Maybe this film came back into my life at a very critical time - it's the kind of story that can make you think about who you are, where you're going, and whether you are your job, or if you don't have your job, or if your job is too stressful, what else could you do, who else can you be? In a country like America, where so much of our culture is absolutely terrible (infomercials, school shootings, non-nutritious fast food, global warming) that when it becomes time to re-open our society, I'm thinking, now, wait a minute, let's not be too hasty. Can't we just re-open the good parts, use this as a time to make some real changes, instead of just reverting to open market "every man for himself" capitalism? Hah, it sounds ridiculous even right after I just said it. We're probably just going to go right back to what we knew before, when we mistook comfort for happiness and didn't care about the long-term consequences of our actions.
It's all life until you're dead, so be sure you spend time with the people you enjoy and try to make the most of it. That's an OK message, but the film is still terrible, because you can't duplicate the apparent randomness of Vonnegut's work just by throwing a bunch of other random things into a movie in a (more or less) random fashion.
FUN FACT: The rights to this story were once optioned by producer Dino De Laurentiis, to make a film directed by Robert Altman, shortly after the success of "Nashville" in 1975. It didn't happen, but the casting choices included Peter Falk as Dwayne Hoover, and Alice Cooper as his performing son, Bunny. We'll never know if that could have been a better film, or if it would have ended up being just as terrible.

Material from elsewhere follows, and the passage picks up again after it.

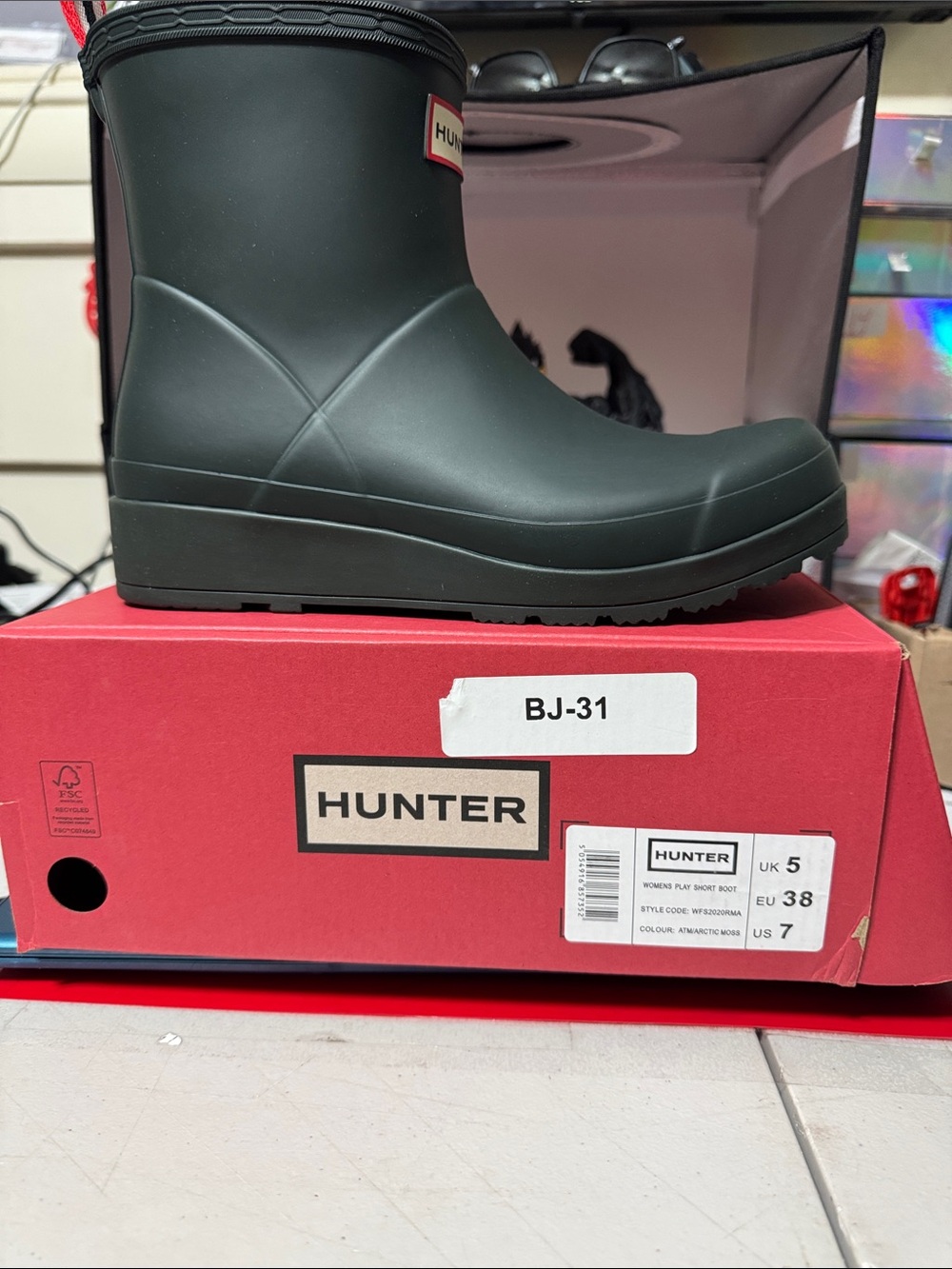 Hunter women Black Ankle Rain Boots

Also starring Bruce Willis (last seen in "Glass"), Albert Finney (last seen in "A Good Year"), Nick Nolte (last seen in "Angel Has Fallen"), Barbara Hershey (last seen in "The Portrait of a Lady"), Glenne Headly (last seen in "Don Jon"), Lukas Haas (last seen in "Widows"), Omar Epps (last seen in "Higher Learning"), Vicki Lewis (last seen in "The Ugly Truth"), Buck Henry (last seen in "Town & Country"), Ken Hudson Campbell (last seen in "Bewitched"), Jake Johanssen, Chip Zien, Owen Wilson (last seen in "How Do You Know"), Alison Eastwood (last seen in "The Mule"), Shawnee Smith (last seen in "The Island"), Michael Clarke Duncan (ditto), Michael Jai White, Keith Joe Dick (last seen in "Tapeheads"), Diane Wilson Dick, Dawn Didawick, Raymond O'Connor (last seen in "Just Like Heaven"), with a cameo from Kurt Vonnegut Jr.